Altitude and ambient temperature affect pressure. For every 1,000 feet of elevation, pressure will vary 0.5 psi, which isn’t considered significant. Temperature variations are a different story. Every 10 degrees Fahrenheit change in temperature will result in an approximate 2-psi rise.
All tire manufacturers publish load/inflation tables and booklets with recommended inflation pressure by load. Another source is the Tire and Rim Association’s annual guidebook – visit www.us-tra.org to order.
How do you accurately check pressure?
The recommended method for checking inflation pressure is to use an accurate tire gauge. Keep it from getting banged around in your toolbox and losing its accuracy. Periodically have the gauge calibrated at a truck stop or tire shop, advises Doug Jones, a customer engineering support manager for Michelin.
Veteran operators may use a ball bat, billy club or tire iron to thump their tires, but you can’t reliably discern how much air is in a tire with that method, says Tim Miller, Goodyear’s marketing communications manager.
Kurt Grote, an owner-operator leased to John Christner Trucking, says he used a gauge daily before he switched to an automatic monitoring system three years ago. He was checking for 120 psi in his steers and 100 psi in his drives, regardless of the load. He says it took about five minutes each day. Today, even with the monitoring system, he still uses a gauge weekly to check pressures.
How often should you check?
Jones recommends checking pressure as part of your daily vehicle inspection. He notes that air pressure checks are part of pre- and post-trip inspections, as required by the Federal Motor Carrier Safety Administration. Also have pressures checked during preventive maintenance and other repair shop visits.
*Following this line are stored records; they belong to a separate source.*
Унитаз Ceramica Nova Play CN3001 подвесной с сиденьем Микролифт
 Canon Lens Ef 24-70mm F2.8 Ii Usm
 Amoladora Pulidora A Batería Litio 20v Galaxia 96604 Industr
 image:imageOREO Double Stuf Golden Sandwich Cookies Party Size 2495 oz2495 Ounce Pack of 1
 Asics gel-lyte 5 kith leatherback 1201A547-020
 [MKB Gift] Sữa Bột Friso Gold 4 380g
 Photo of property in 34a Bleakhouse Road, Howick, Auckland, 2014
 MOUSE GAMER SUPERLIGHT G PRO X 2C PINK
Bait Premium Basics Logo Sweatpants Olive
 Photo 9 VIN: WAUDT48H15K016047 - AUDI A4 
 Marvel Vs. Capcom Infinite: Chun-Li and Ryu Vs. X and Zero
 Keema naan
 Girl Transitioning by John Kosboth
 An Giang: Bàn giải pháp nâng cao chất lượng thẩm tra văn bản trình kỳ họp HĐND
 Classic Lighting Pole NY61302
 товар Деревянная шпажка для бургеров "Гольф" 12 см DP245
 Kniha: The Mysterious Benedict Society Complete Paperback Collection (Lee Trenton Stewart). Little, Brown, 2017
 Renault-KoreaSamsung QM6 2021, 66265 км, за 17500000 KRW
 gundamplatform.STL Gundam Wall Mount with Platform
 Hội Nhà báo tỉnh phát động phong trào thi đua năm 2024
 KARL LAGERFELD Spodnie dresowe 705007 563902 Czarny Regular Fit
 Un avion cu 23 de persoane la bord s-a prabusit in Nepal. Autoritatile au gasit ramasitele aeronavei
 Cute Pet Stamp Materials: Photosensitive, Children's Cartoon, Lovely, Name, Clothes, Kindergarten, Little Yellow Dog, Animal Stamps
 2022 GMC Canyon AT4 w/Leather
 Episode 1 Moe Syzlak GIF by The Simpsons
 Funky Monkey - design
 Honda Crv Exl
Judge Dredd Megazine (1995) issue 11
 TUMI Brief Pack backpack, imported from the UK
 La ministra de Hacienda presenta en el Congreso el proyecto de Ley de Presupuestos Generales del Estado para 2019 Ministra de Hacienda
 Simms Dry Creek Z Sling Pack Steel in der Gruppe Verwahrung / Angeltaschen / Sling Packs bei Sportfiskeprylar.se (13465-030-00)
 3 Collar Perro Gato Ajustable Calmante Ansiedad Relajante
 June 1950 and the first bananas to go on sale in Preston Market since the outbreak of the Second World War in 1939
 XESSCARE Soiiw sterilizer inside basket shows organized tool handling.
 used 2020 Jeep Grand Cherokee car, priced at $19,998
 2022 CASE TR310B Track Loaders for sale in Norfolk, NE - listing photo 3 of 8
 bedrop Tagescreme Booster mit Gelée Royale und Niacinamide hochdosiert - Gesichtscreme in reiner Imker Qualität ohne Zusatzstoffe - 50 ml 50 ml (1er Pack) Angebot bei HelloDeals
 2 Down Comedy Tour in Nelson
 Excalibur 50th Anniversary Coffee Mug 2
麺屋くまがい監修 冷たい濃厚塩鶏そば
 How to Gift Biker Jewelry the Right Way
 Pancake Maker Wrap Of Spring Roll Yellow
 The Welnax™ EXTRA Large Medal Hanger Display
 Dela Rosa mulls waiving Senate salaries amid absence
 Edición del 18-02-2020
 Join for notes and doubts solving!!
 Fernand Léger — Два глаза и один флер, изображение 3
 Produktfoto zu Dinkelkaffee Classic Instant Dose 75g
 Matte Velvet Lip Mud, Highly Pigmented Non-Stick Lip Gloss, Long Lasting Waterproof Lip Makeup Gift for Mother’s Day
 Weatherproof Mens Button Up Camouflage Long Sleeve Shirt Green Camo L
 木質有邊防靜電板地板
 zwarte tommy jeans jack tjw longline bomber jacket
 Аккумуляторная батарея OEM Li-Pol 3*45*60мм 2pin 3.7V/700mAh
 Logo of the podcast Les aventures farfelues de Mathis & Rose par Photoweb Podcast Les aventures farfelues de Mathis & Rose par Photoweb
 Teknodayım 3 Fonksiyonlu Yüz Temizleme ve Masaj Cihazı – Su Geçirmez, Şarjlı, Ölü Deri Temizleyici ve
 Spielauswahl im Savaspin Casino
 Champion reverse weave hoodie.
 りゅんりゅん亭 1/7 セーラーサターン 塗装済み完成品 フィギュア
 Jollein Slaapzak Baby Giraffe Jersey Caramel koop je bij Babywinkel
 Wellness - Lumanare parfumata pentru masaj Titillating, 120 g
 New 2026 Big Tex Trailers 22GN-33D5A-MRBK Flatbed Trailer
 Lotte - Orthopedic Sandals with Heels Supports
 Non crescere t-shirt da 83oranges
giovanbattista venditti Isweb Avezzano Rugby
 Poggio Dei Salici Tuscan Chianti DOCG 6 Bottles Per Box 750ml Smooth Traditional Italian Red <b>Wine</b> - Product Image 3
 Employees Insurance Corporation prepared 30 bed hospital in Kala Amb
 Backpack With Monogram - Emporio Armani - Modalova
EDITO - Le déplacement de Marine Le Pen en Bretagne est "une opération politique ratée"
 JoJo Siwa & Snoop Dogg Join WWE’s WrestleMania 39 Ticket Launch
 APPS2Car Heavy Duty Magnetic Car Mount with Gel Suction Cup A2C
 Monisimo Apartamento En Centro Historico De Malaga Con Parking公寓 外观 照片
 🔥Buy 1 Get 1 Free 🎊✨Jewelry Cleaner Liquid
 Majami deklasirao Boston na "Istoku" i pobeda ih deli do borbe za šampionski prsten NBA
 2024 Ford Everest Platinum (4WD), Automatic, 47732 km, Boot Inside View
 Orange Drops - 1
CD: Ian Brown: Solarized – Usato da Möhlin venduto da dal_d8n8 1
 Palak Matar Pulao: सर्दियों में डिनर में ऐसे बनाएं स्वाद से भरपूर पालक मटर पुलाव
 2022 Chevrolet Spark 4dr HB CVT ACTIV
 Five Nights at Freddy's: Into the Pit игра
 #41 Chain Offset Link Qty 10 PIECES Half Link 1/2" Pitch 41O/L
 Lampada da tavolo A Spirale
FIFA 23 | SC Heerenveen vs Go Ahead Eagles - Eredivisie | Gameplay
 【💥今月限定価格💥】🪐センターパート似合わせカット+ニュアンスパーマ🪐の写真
Checking pressure before you begin your route each day will give you a cold tire reading, which is preferred. Walenga says pressure will increase 10 percent to 15 percent once tires heat up from highway driving, a fact good to keep in mind if you’re in the habit of checking pressure when you stop for fueling.
“With CSA, I think that’s going to help to get people to check pressures and be more responsive to tire issues since tires are one of the things that will get the most [CSA] markups,” he says.
Should you adjust pressure for the load?
Adjusting pressure for every load variation would be ideal, but it’s not realistic, Walenga says. By inflating to your maximum loads, you will avoid the risk of being underinflated. All the same, he adds, “if you run lighter, you could go to a chart that shows different air pressures for different loads.”
Miller notes that “if you want tires to give the best performance, especially for wear and traction, you could adjust for every load.” He points to the many logging trucks outfitted with central inflation systems that adjust pressure to weight and terrain, whether off-road or on-highway.
Jones says to maximize tire design and engineering, you should match the pressure with the load. If they aren’t matched, tires can wear prematurely or fail, and fuel economy could fall. “If the load is too much for the air pressure, you’re going to have a problem,” he says. “If air pressure isn’t sufficient to carry a load, you’re also going to run into a problem.”
Operators who run less-than-truckload or long haul with multiple stops might consider inflating less than maximum pressures in all tires except the steers, but still stay above minimum recommended pressures, Stansbie says. Steers need maximum pressure to exert side force whenever the tire is turned. “If you have an underinflated steer tire, you need to turn the steering wheel a lot more on a curve than with a fully inflated tire,” he says.